Porém, não se promoveu a circulação de pessoas e bens para aproximar o continente e o arquipélago. A criação da Companhia Maritima de Navigação Guiné-Cabo Verde (NAGUICAVE) foi uma aventura positiva, mas efémera.
O resto, era só política: o PAIGC, partido supranacional, fazia-nos partilhar com o país irmão o mesmo hino nacional; o exército e as organizações de massas tinham as mesmas siglas: FARP, JAAC, OM, Pioneiros… Havia até caboverdeanos na chefia das FARP e na administração estatal na Guiné! Em teoria, o presidente de Cabo Verde, Aristides Pereira, podia, na sua qualidade de secretário-geral do Partido, presidir o conselho de ministros da Guiné na ausência do presidente Luis Cabral – o que certamente não era, a justo título, do agrado de todos os guineenses…
Mas os pontos comuns paravam por aí. Até os ministros na Guiné tinham outra designação: eram «comissários de Estado», e o primeiro-ministro “comissário principal”. Em Cabo Verde adoptámos o Escudo caboverdeano, e não o Peso que era a moeda guineense. Outra diferença, a religião: os caboverdeanos cristãos, os guineenses maioritariamente muçulmanos e animistas (o que, em boa verdade, nunca impediu a sã convivênca entre uns e outros, na Guiné e hoje em dia em Cabo Verde, países conhecidos pela sua hospitalidade) Os usos e costumes, as diferenças culturais, os níveis de escolaridade, alimentavam ainda preconceitos bem enraízados num passado colonial de sinistra memória que dividia para reinar.
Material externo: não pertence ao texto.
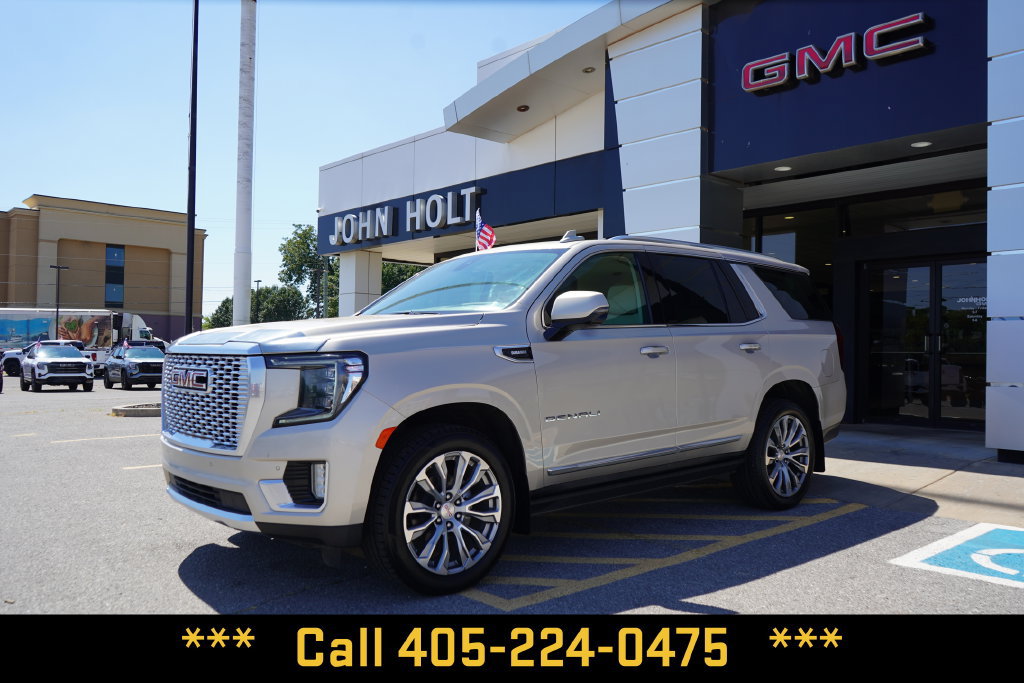 Used 2021 GMC Yukon Denali w/ Denali Premium Package AWD/4WD image 1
Com tão pouco em que pegar, a «união orgânica» só podia ser um desiderato político-idiológico imposto “de cima” aos caboverdeanos e aos guineenses, simples espectadores de uma “mise en scène” que não pediram. Politicamente, o caminho estava livre: a UDC e a UPICV estavam neutralizados desde as prisões de 1974. A União Capverdiana Independente e Democrática, UCID, fundada em Rotterdam em 1978, conseguia resistir, mas no estrangeiro. Na Guiné, a FLING encolhia-se face ao rolo compressor do PAIGC; mesma coisa, um denominado Grupo Bafata, dirigido na sombra por um certo Malan Sanha, antigo comandante da guerrilla, cuja divisa era «devolver a Guiné aos guineenses»; a UPANG, criada em Lisboa em 1976, foi um nado-morto.
Comecei este tema com um precedente artigo, já lá vão dois – e falta um! Sugiro terminarmos esta trilogia lá onde termina a “unidade”: no golpe de Estado de 1980 em Bissau. Nesse ano, o PAIGC promoveu dois projectos constitucionais díspares: regime parlamentarista para Cabo Verde e semi-presidencialista para a Guiné.
Estava entornado o caldo: com o golpe de Nino Vieira, não se fala mais da “unidade”!